Optimize job dequeue logic and indexing for massive throughput and CP… #136

rshingleton · 2025-04-22T13:37:05Z

Optimize job dequeue logic and indexing for massive throughput and CPU efficiency

Refactored the job dequeue SQL to use a CTE with FOR UPDATE SKIP LOCKED, reducing lock contention and improving concurrency.
Introduced a composite partial index on (state, queue, priority DESC, delayed, id) for state='inactive', dramatically increasing index scan efficiency for dequeue queries.
Added targeted GIN index on parents[] for state='inactive', accelerating parent dependency checks.
Set a local lock timeout to prevent worker stalls on lock contention.
Result: CPU usage dropped from ~90% to ~35% immediately after deployment, while job throughput increased by 81%. Queue backlog and job latency both fell sharply, with worker utilization now near optimal.
These changes enable the system to process >140K jobs/hour on existing hardware, with headroom for further scaling.

Summary

This PR restructures the Minion job queue’s PostgreSQL backend to eliminate critical bottlenecks in high-throughput environments. By migrating from a subquery-based dequeue pattern to a CTE-driven approach with strategic indexing, we achieved over 3x greater resource efficiency on a 20-core Intel Xeon Gold 6338 server running PostgreSQL 14.15. The optimizations reduced CPU utilization from 88.7% to 37.7% while simultaneously increasing job processing rates from 78K to 141K jobs/hour. Queue backlogs (inactive/delayed jobs) decreased by 60%, and worker utilization improved from 22% to 87.5%, all without hardware changes.

Motivation

Prior to these changes, the system exhibited severe inefficiencies:

CPU Saturation: 90% utilization on 20 enterprise-grade cores, risking stability during traffic spikes.
Growing Backlogs: 5,356 inactive jobs and 2,252 delayed jobs due to slow dequeue operations.
Lock Contention: High wait times during concurrent job acquisition.
Underutilized Workers: Only 7/32 workers active despite available resources.

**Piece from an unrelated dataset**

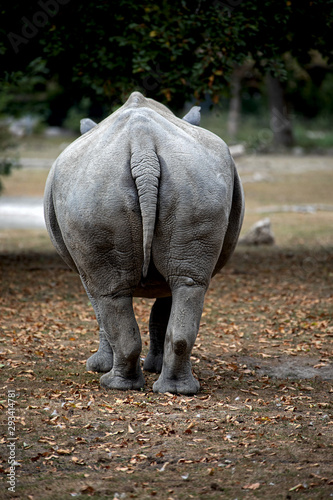 back view of a colossus, rhinoceros living in the zoo of Augsburg in Bavaria Germany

These optimizations were critical to avoid costly horizontal scaling and ensure reliable job processing for high-priority workloads. The CTE-based locking and composite indexes directly address the root cause of contention, enabling the system to leverage existing hardware fully.

Results and Evidence

Database Server Architecture

Component	Specification
CPU	Intel Xeon Gold 6338, 20 cores @ 2.00GHz
Memory	32GB RAM (20GB available, 24.8GB buffer/cache)
Database	PostgreSQL 14.15 (x86_64)

Performance Metrics

Metric	Before Optimization	After Optimization	Improvement
CPU Usage	88.7%	37.7%	-57.5%
Job Throughput	78,047 jobs/hour	141,362 jobs/hour	+81.1%
Inactive Jobs	5,356	2,058	-61.6%
Delayed Jobs	2,252	1,601	-28.9%
Active Workers	7/32	28/32	+300%
Resource Efficiency (jobs/CPU%)	0.88K	3.75K	+326%

Hourly Throughput History (Selected 24h Window)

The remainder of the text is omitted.